§ WHAT THIS TASK INVOLVES: Output the first line below and each one after it, exactly, up to and including the line holding "Slanted Drawstring Patchwork Top". Pictures should not be copied.

§ GIVEN RECORDS:
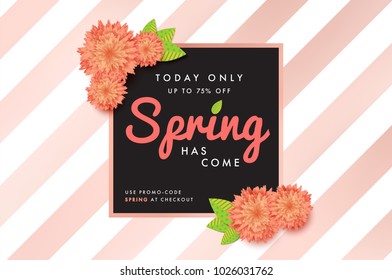 Modern promotion spring web banner for social media mobile apps. Elegant seasonal sale and discount promo backgrounds with abstract pattern. Email ad newsletter layouts.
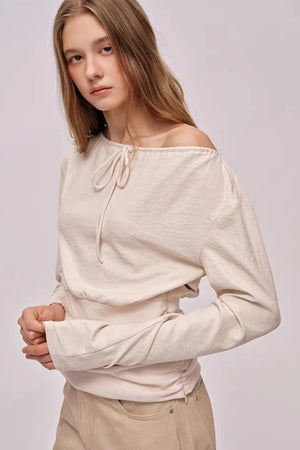 Slanted Drawstring Patchwork Top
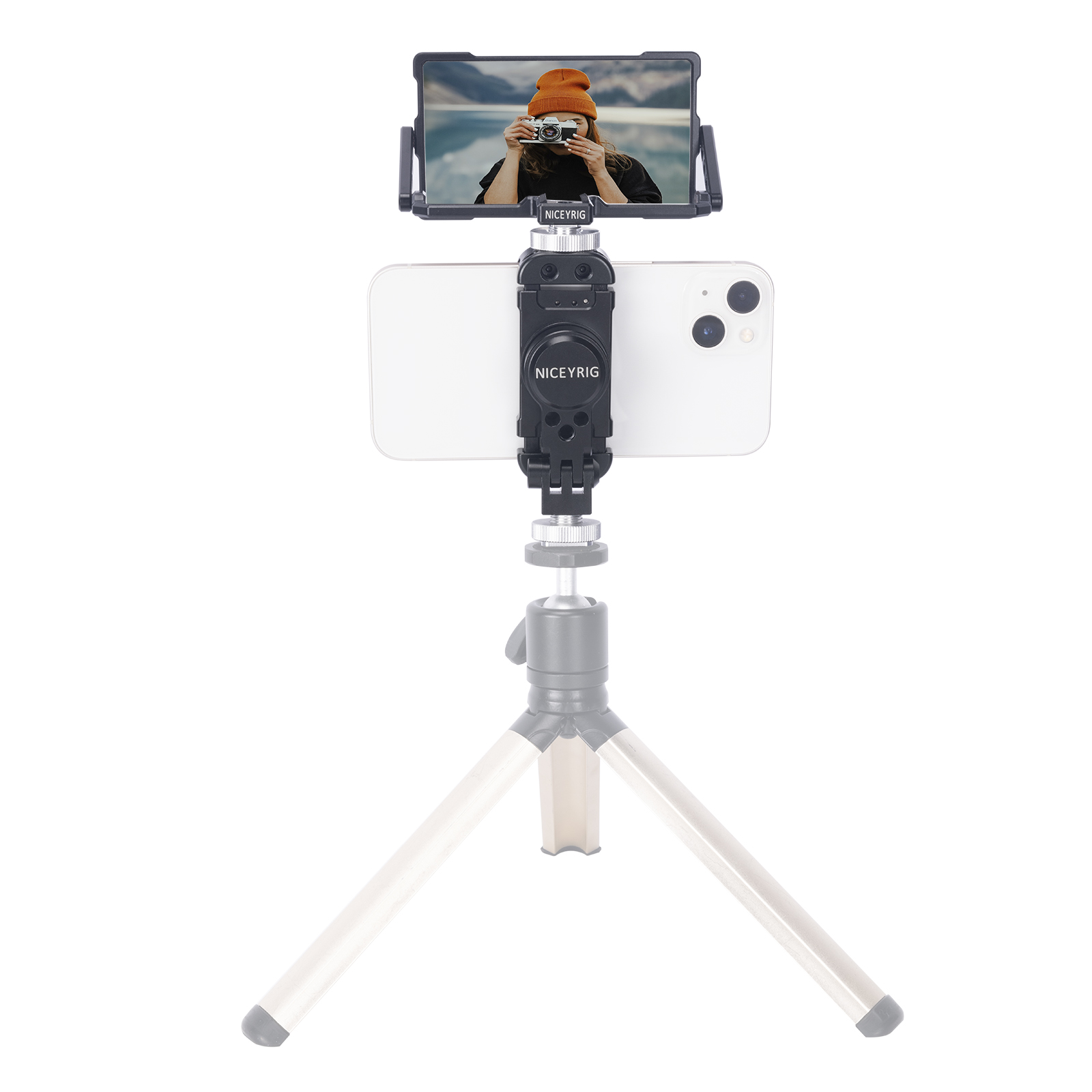 Niceyrig Vlogging Live Streaming Selfie Kit with Flip Monitor Mirror &  Smart Phone Tripod Mount Holder Clamp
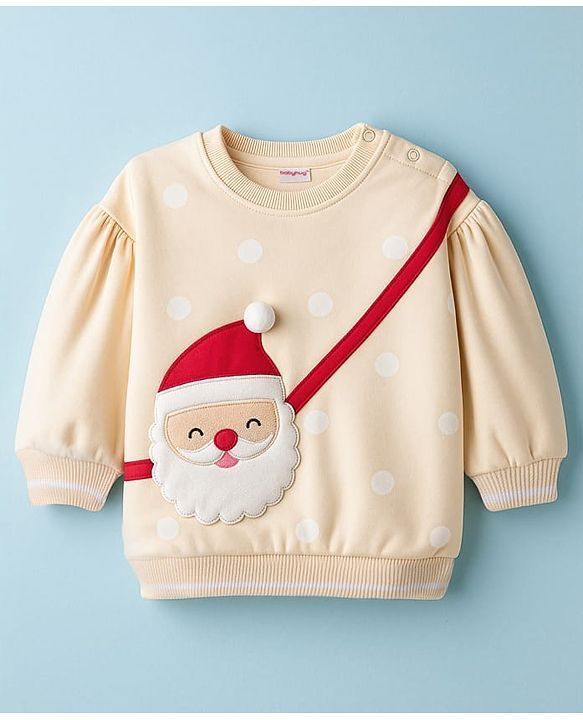Babyhug Cotton Knit Full Sleeves Sweatshirt With Santa Claus Applique - Yellow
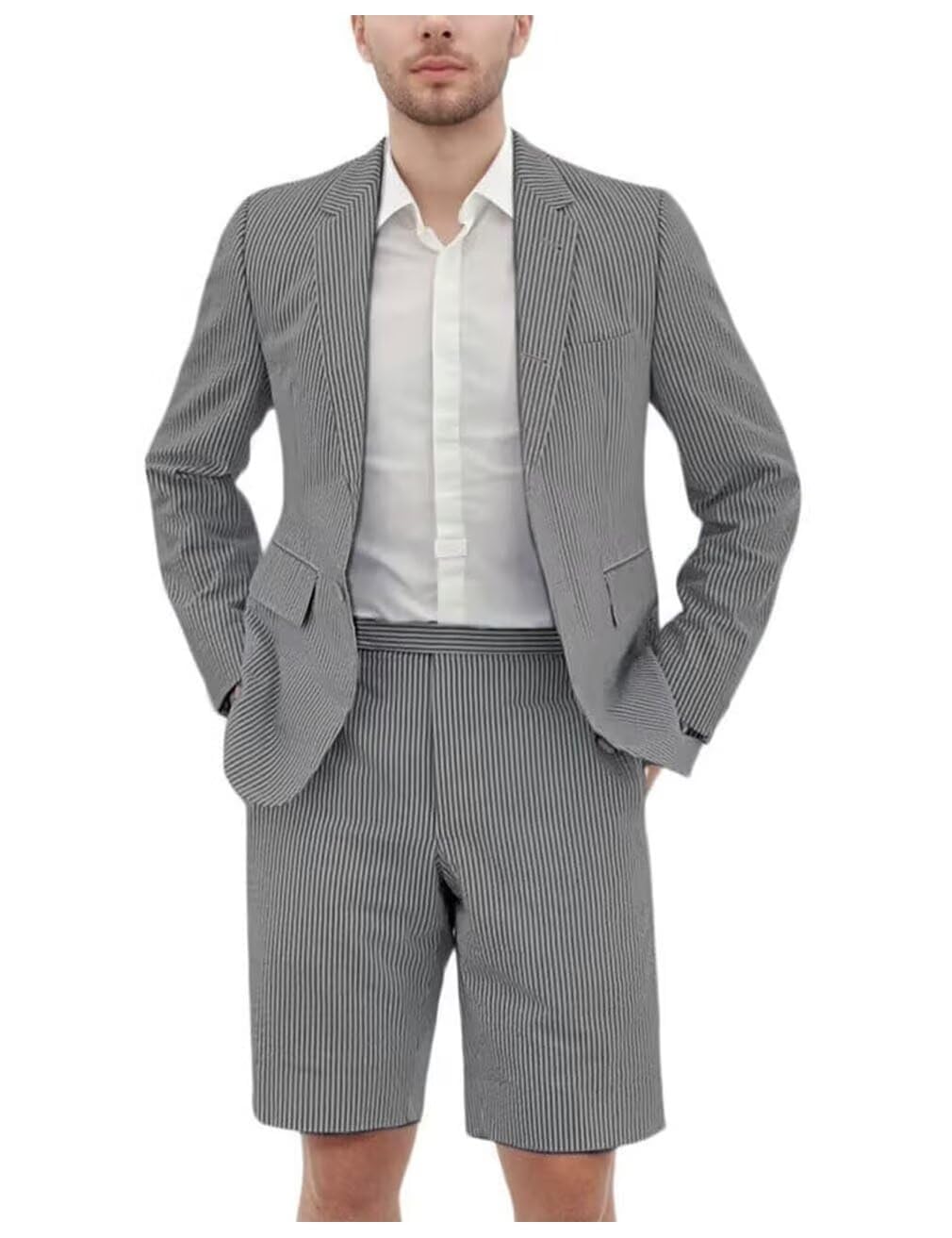 Seersucker Suit Mens Slim Jacket Shorts Set Casual 2 Piece Striped Suit Holiday Outfits for Summer Wedding Tuxedos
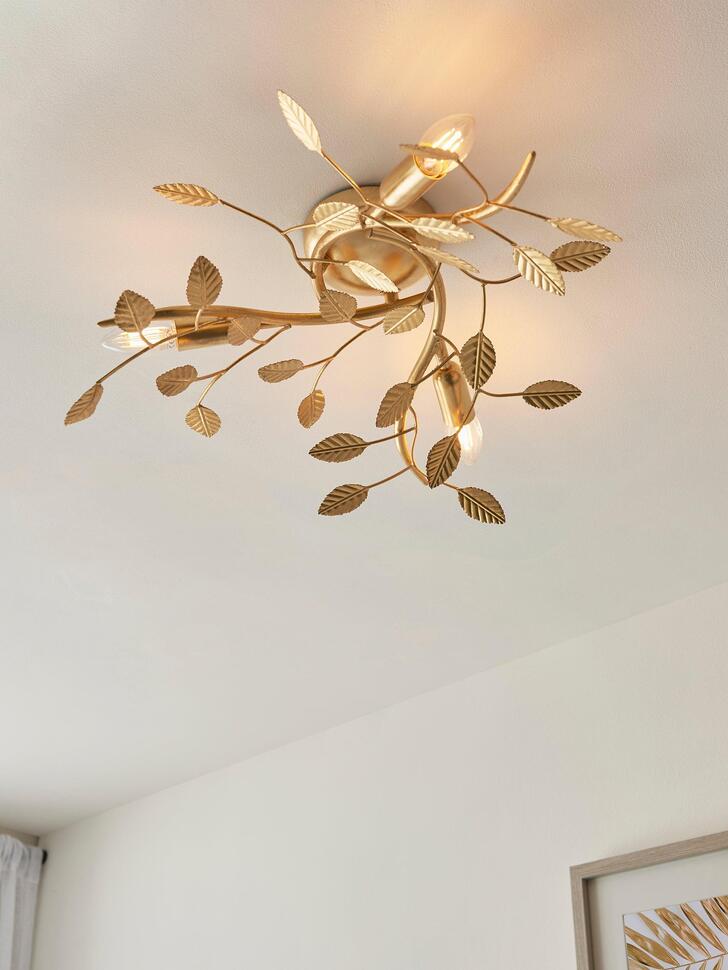 Thorlight Willa 3 Light Flush Ceiling Light Gold Leaf Finish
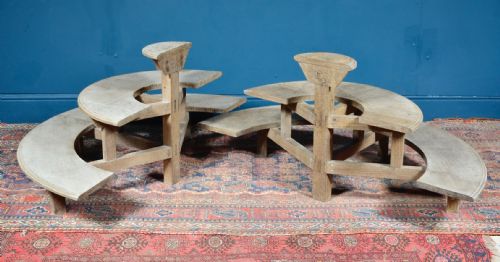 PAIR OF ARTS AND CRAFTS BLEACHED OAK DEMI LUNE STANDS C1900 - ADDITIONAL PHOTO 4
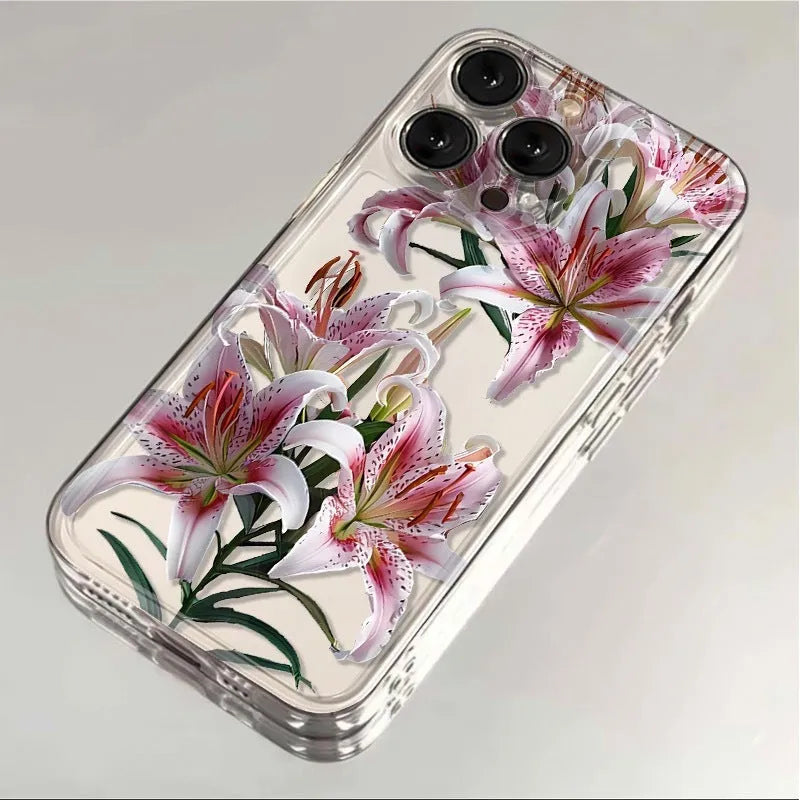 Transparent TPU phone case with embossed lily design, anti-fall back cover for iPhone models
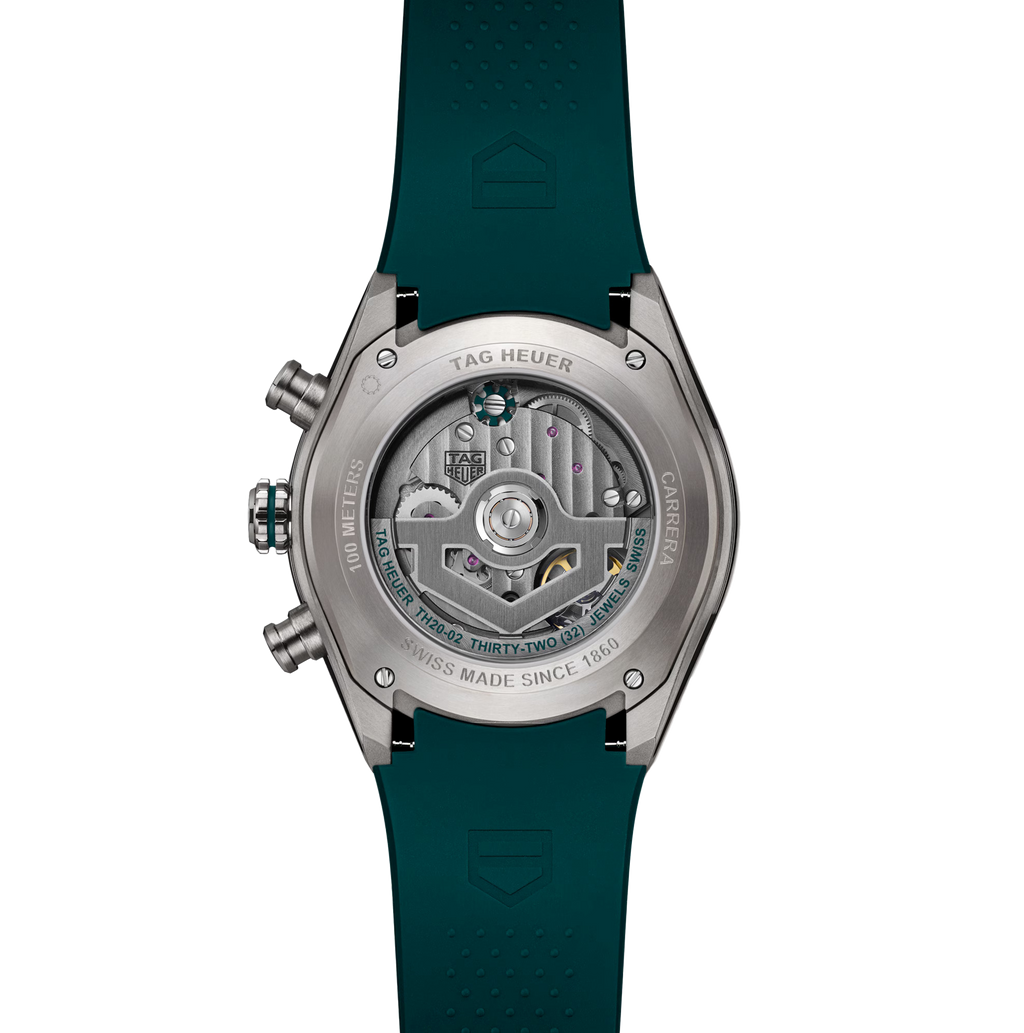 TGHR Carrera Chronograph Extreme Sport Twin-Time Watch with Green Rubber Strap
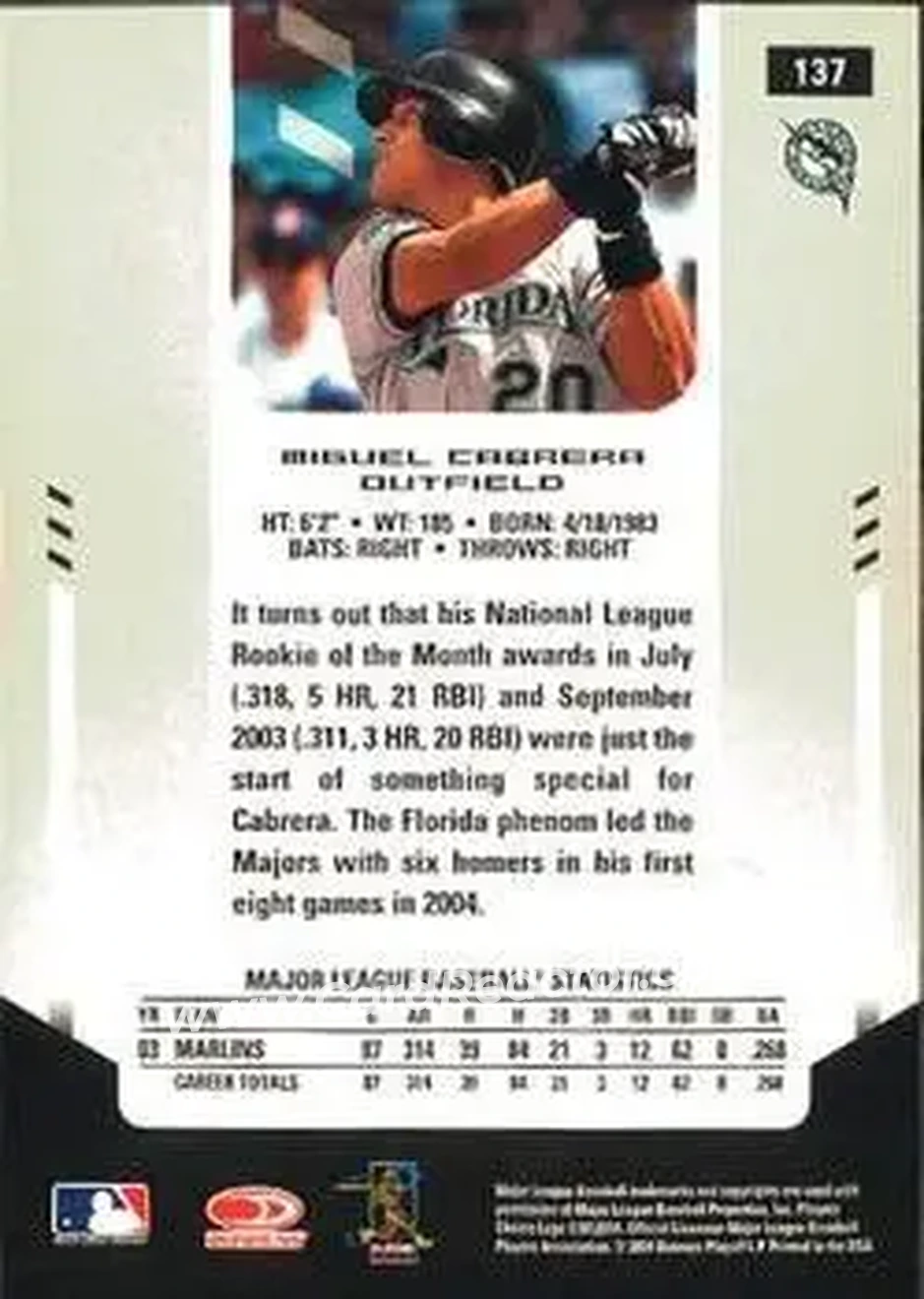 2004 Leaf Certified Materials #137 - Miguel Cabrera - Florida Marlins - Back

§ OUTPUT BELOW:
 Modern promotion spring web banner for social media mobile apps. Elegant seasonal sale and discount promo backgrounds with abstract pattern. Email ad newsletter layouts.
 Slanted Drawstring Patchwork Top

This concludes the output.